Le materie prime che servono a fabbricare tutti questi tipi di vetri devono essere il più possibilmente pure. Il cristallo inglese o francese (per gli altri v. vetro) è caratterizzato da trasparenza, lucentezza e potere rifrangente grandi; è perfettamente incoloro, denso, facile alla molatura, d'alto coefficiente di elasticità e perciò sonoro come bronzo se posto in vibrazione. Non era noto agli antichi, contrariamente a quanto taluno afferma, perché i vetri assai ricchi di piombo delle loro imitazioni di pietre preziose non erano che silicati di piombo, cioè semplici fusioni di sabbia e abbondante piombo calcinato. Nel cristallo è l'ossido di piombo che, accoppiato alla potassa in misura moderata perché non faccia ingiallire il prodotto, conferisce le ottime caratteristiche sopra accennate. Il contenuto percentuale piombico è nei giusti limiti quando il cristallo riesce di consistenza tale da non portare (per eccesso) a un rapido svanire delle brillanti superficie lavorate e d'altra parte da non compromettere (per deficienza) la caratteristica di prestarsi, meglio che tutte le altre qualità di vetro, alla molatura e all'incisione. Sono quest'ultime proprietà infatti che, nel metterne in massimo risalto la dote di elevata rifrazione e quindi d'effetto decorativo, ne determinano le numerose applicazioni alla produzione artistica di vasi, lampadarî, vetrerie di lusso in genere, e specialmente di mensa, nota sotto il nome generico di cristalleria fina. Sono rinomate le cristallerie di Birmingham, St. Louis, Baccarat, Val Saint-Lambert.

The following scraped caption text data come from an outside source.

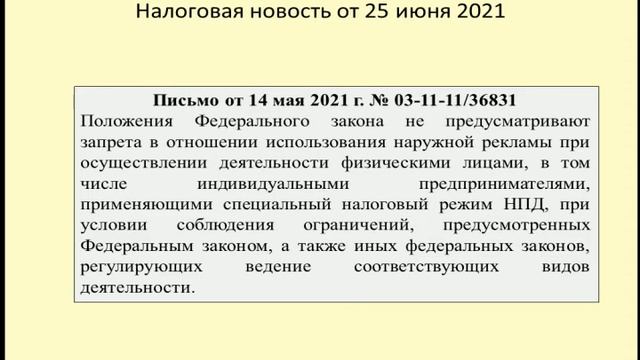 25062021 Налоговая новость о применении самозанятыми рекламы / advertising for the self-employed смотреть онлайн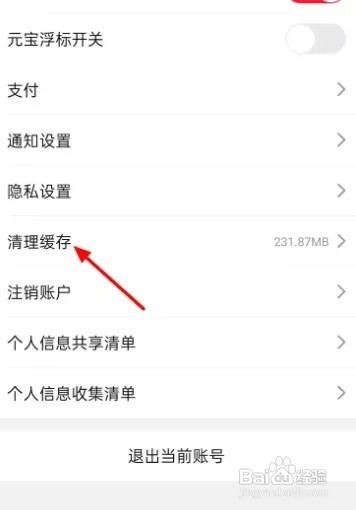 点淘APP如何清理缓存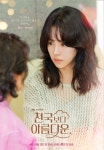 천국보다 아름다운 한지민 정체 과연…인물관계도 및 지난 줄거리·몇부작?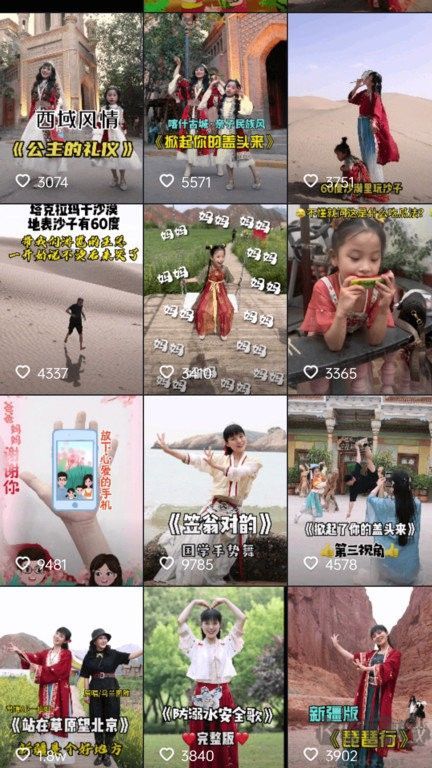 貝果短劇app紅包版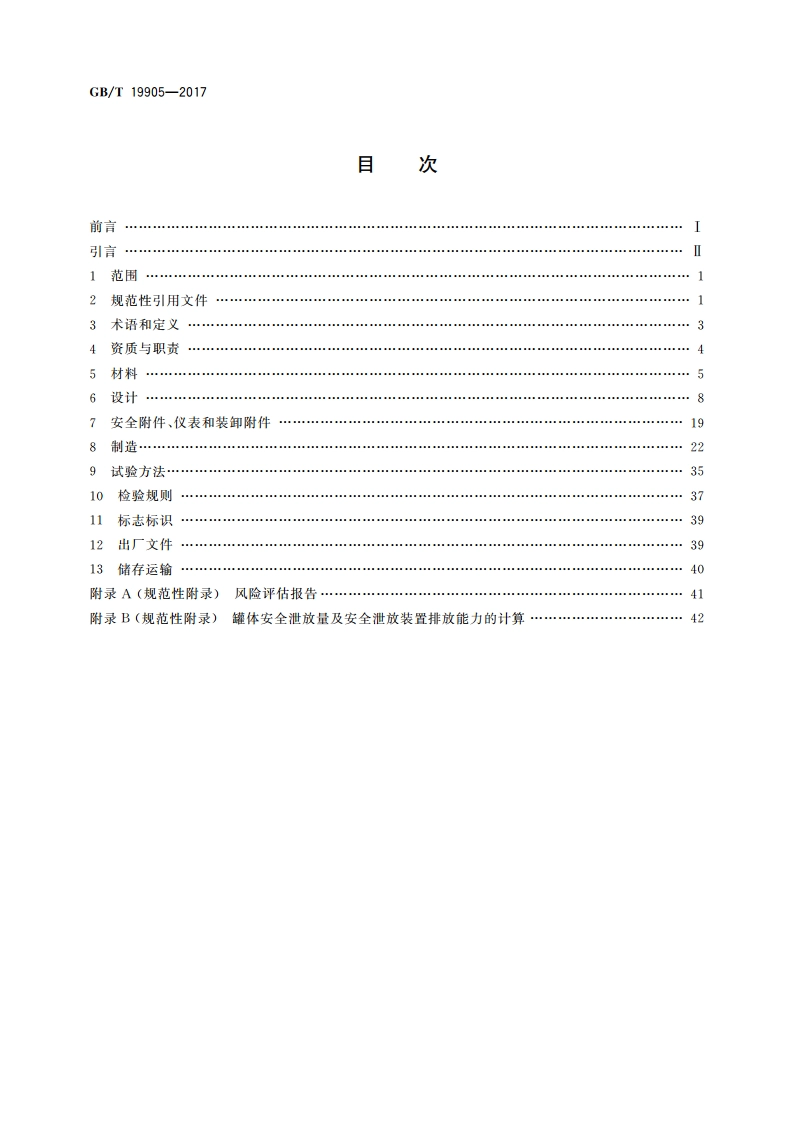 液化气体汽车罐车 GBT 19905-2017.pdf_第2页
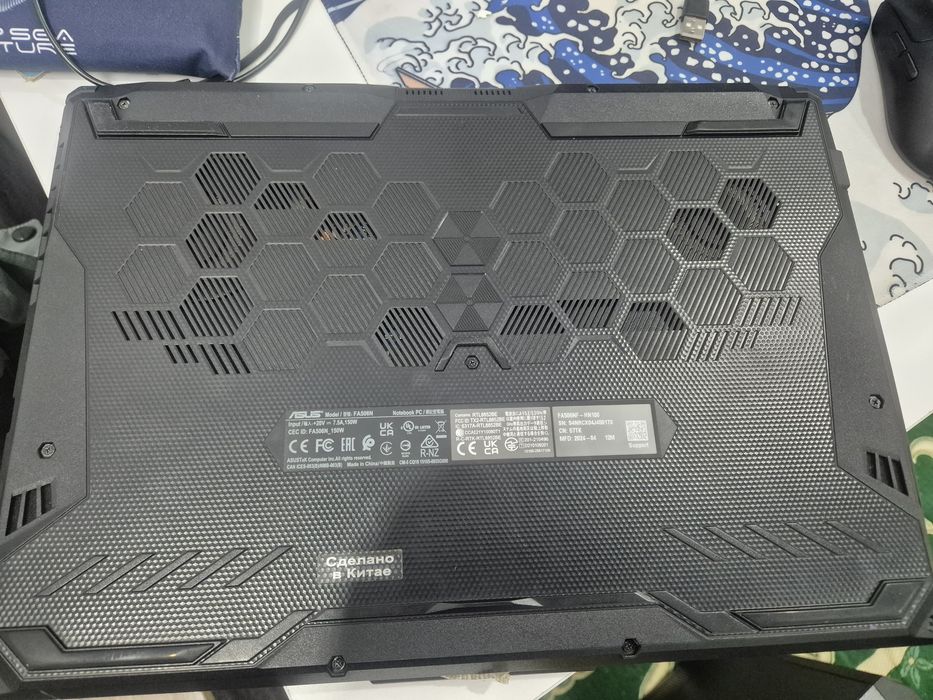 Ноутбук Asus TUF GAMING A15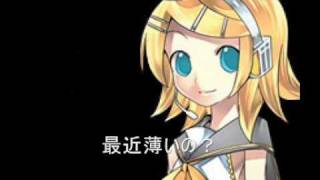 Kagamine rin  quotOshimai dazequot lyrics romaji traducción [upl. by Barimah732]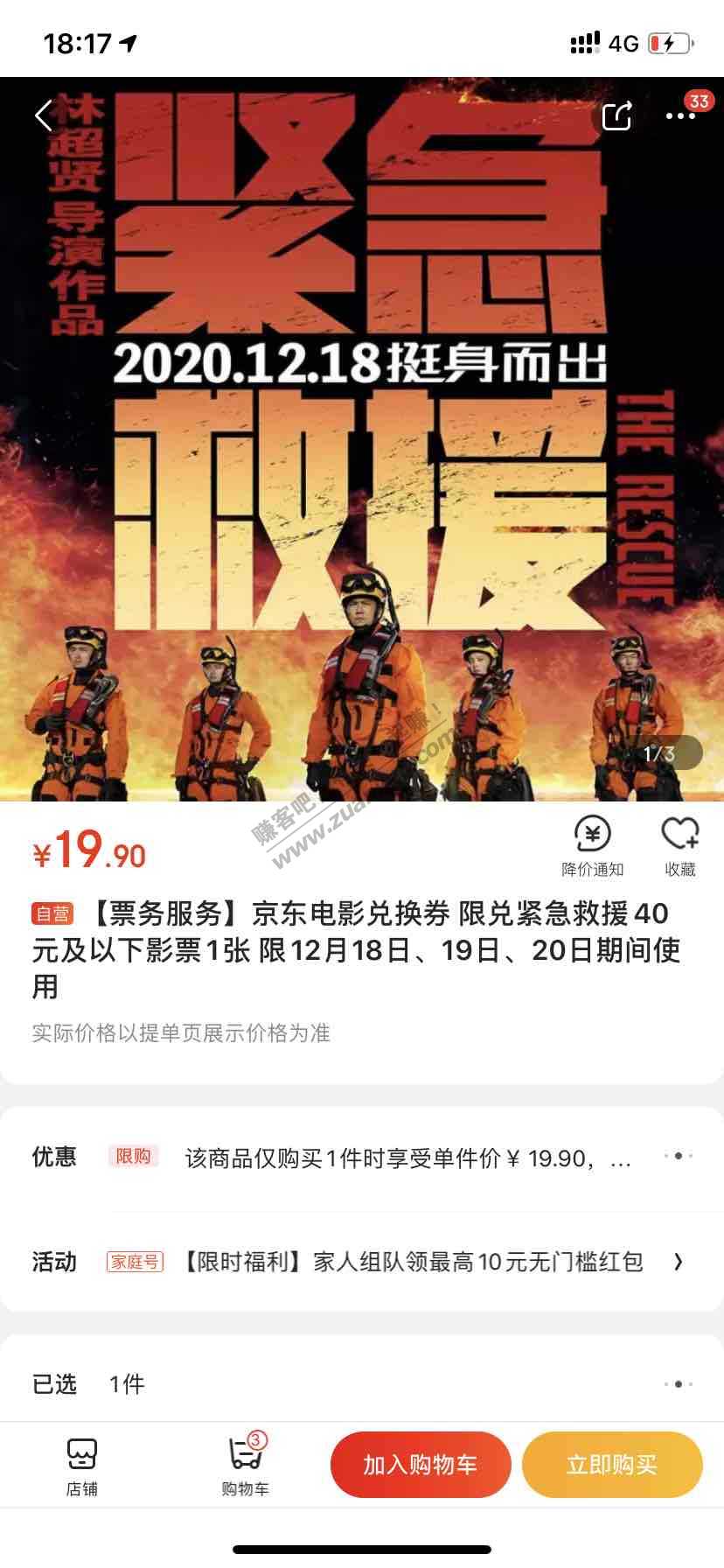 京东紧急救援电影票19.9-惠小助(52huixz.com)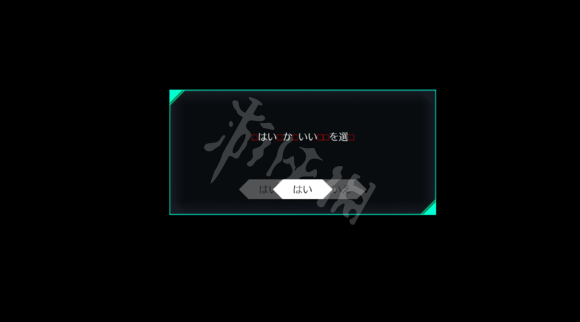 《AI梦境档案》bug卡死怎么办 AI梦境档案卡死处理方法介绍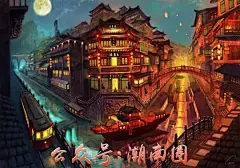 2016关于元宵节的古诗 诗词里的浪漫元宵节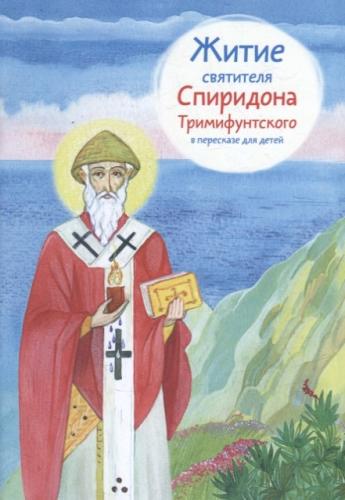 Житие святителя Спиридона Тримифунтского в пересказе для детей (мягкий, 2023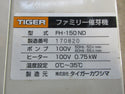 タイガーカワシマ 催芽機 育苗機 FH-150ND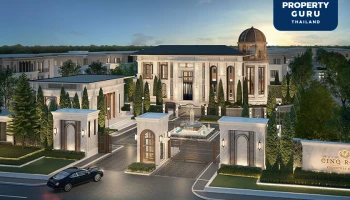 แอสเซท ไฟว์ฯ” เปิดตัวคฤหาสน์หรูแบรนด์ “CINQ ROYAL” บนทำเลทองกรุงเทพกรีฑาตัดใหม่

Per istrumenti d'ottica di precisione si adopera il flint-glass (da flint "pietra focaia"), cristallo che per massima purezza o epurazione delle materie prime e per i progressi realizzati nella fabbricazione (v. lenti; vetro) è certamente oggi la materia vitrea più bella che si sappia produrre. Prodotto per la prima volta in Inghilterra (1750), esso, a differenza delle altre varietà, abbonda di ossido di piombo (40-45%) con corrispondente diminuzione di silice e di potassa (per es., silice 43%, allumina 1,8%, ossido di piombo 43%, ossido di calcio 0,5%, ossido di potassio 11,5%, con eventuale aggiunta, ma sempre in minima quantità, di borace, salnitro, anidride arseniosa, biossido di manganese). Un altro cristallo che, se incoloro, si avvicina al flint e si presta particolarmente all'imitazione del diamante è lo strass, così chiamato dal nome del suo inventore Strasser, un gioielliere del sec. XVIII. Mediante l'aggiunta di piccole dosi di ossidi metallici, lo strass si presta anche all'imitazione di quasi tutte le pietre preziose, senza però averne mai la durezza. Nella composizione dello strass il minio predomina, avendosi, p. es., in percentuali: sabbia 32, minio 54, potassa 10,8; borace 3,1, anidride arseniosa 0,1.
In Italia, la produzione del cristallo (a base di piombo) s'iniziò nel 1928, in fabbriche di Murano; essa si è andata estendendo anche in Toscana e nella Campania. Si producono tutti gli articoli di cristallo (tipo Val Saint-Lambert) e cioè articoli lisci, incolori o tinti in pasta e articoli decorati.